• [The task]: Transcribe every entry exactly, leaving out any pictures.
------------
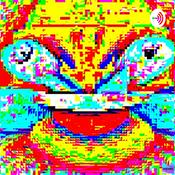 Podcast An Untitled Podcast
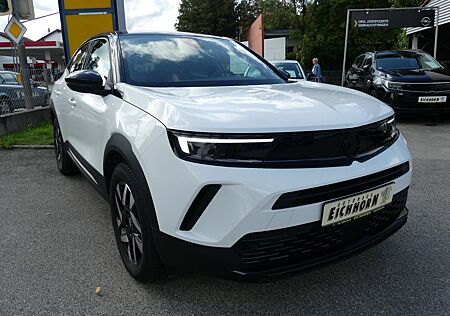 Opel Mokka GS Line, Sitzheiz., Rückf.Kamera, PDC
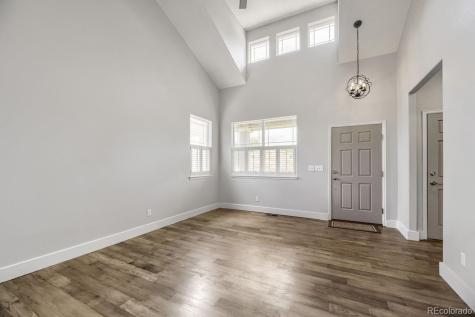 4099 Scarlet Oak Court Castle Rock CO 80109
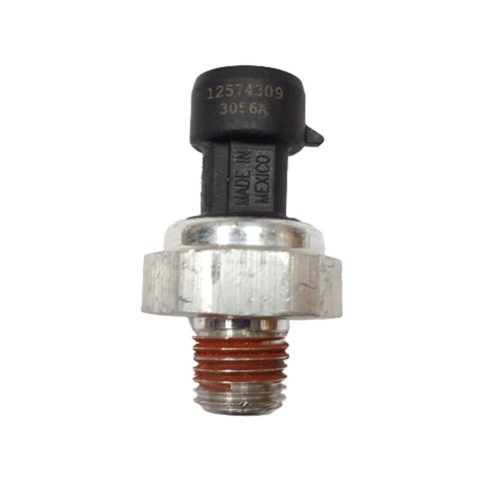 12574309 BULBO DE ACEITE BUICK; CHEVROLET; GMC; PONTIAC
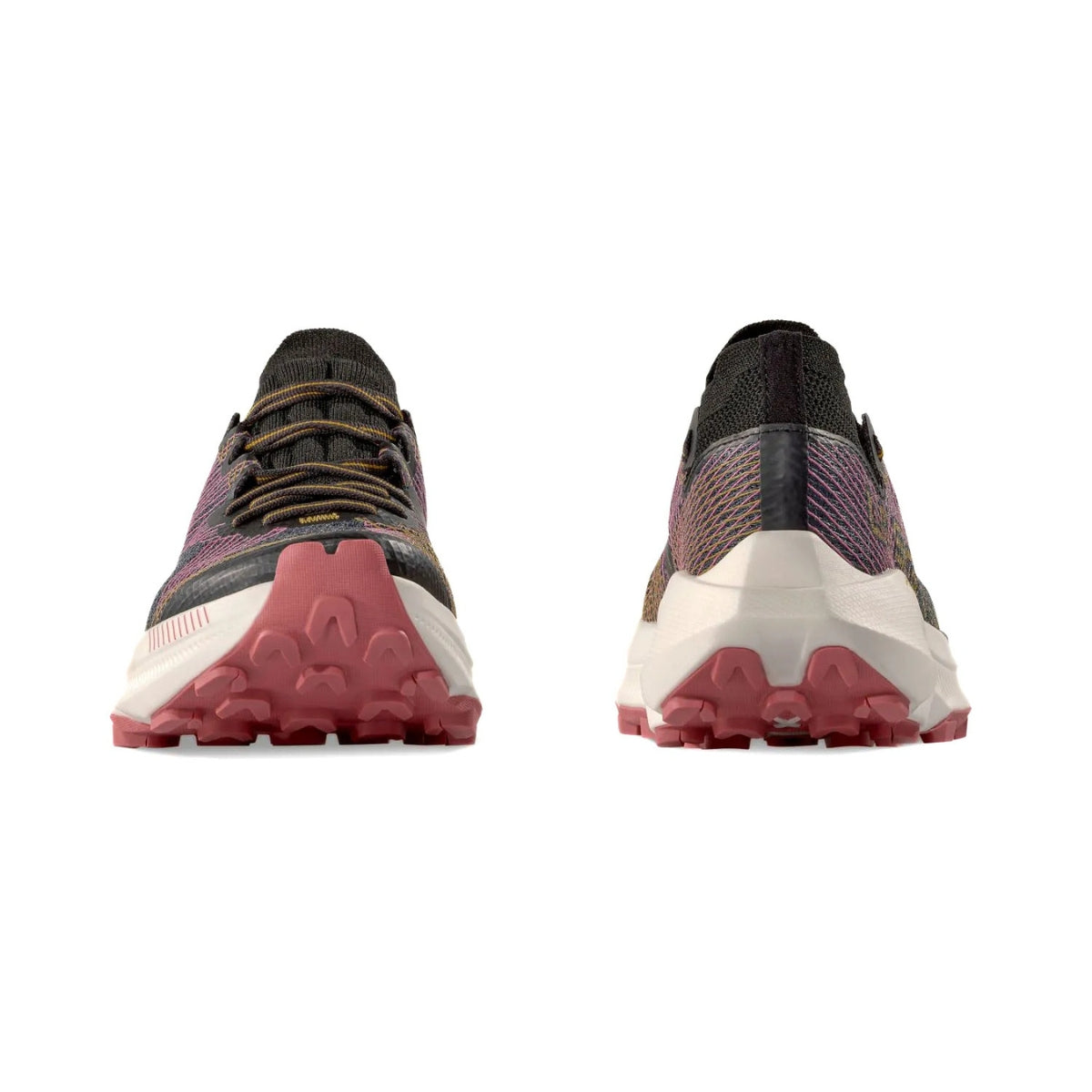 La Sportiva Prodigio Pro - Womens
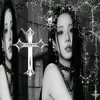 namorada.da.jisoo7
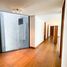 4 Bedroom Apartment for rent in Chile, Santiago, Santiago, Santiago, Chile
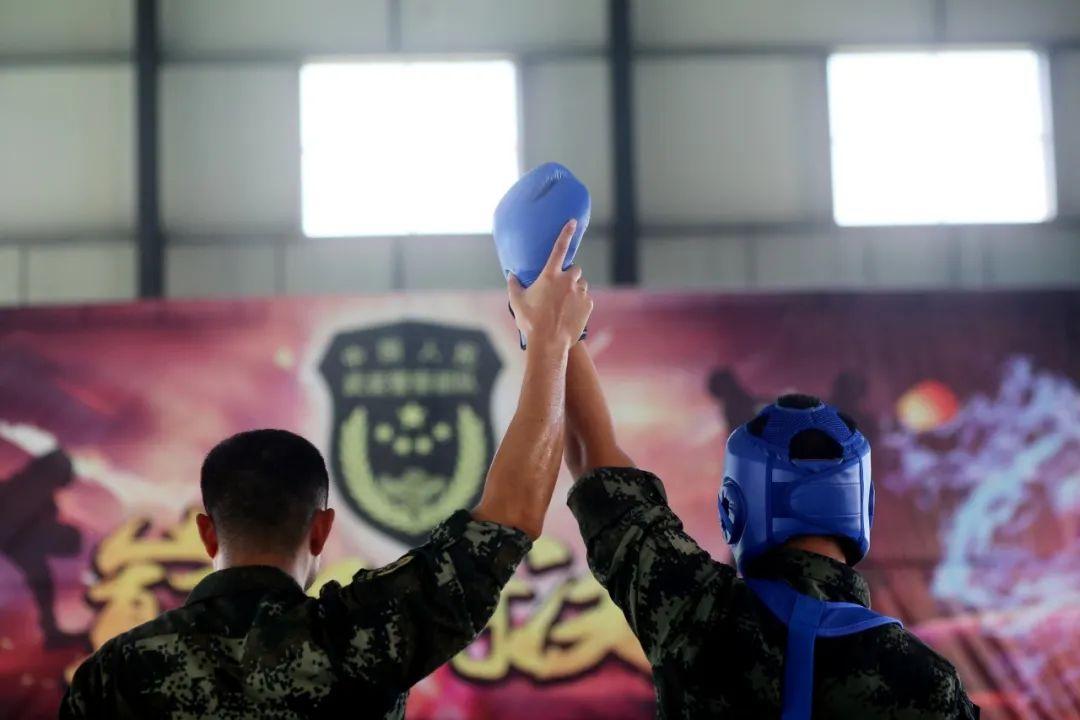 武林风最新版,武林风最新版,背景、重要事件与地位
------------
• [Result below]:
 Podcast An Untitled Podcast
 Opel Mokka GS Line, Sitzheiz., Rückf.Kamera, PDC
 4099 Scarlet Oak Court Castle Rock CO 80109
 12574309 BULBO DE ACEITE BUICK; CHEVROLET; GMC; PONTIAC
 La Sportiva Prodigio Pro - Womens
 namorada.da.jisoo7
 4 Bedroom Apartment for rent in Chile, Santiago, Santiago, Santiago, Chile
 武林风最新版,武林风最新版,背景、重要事件与地位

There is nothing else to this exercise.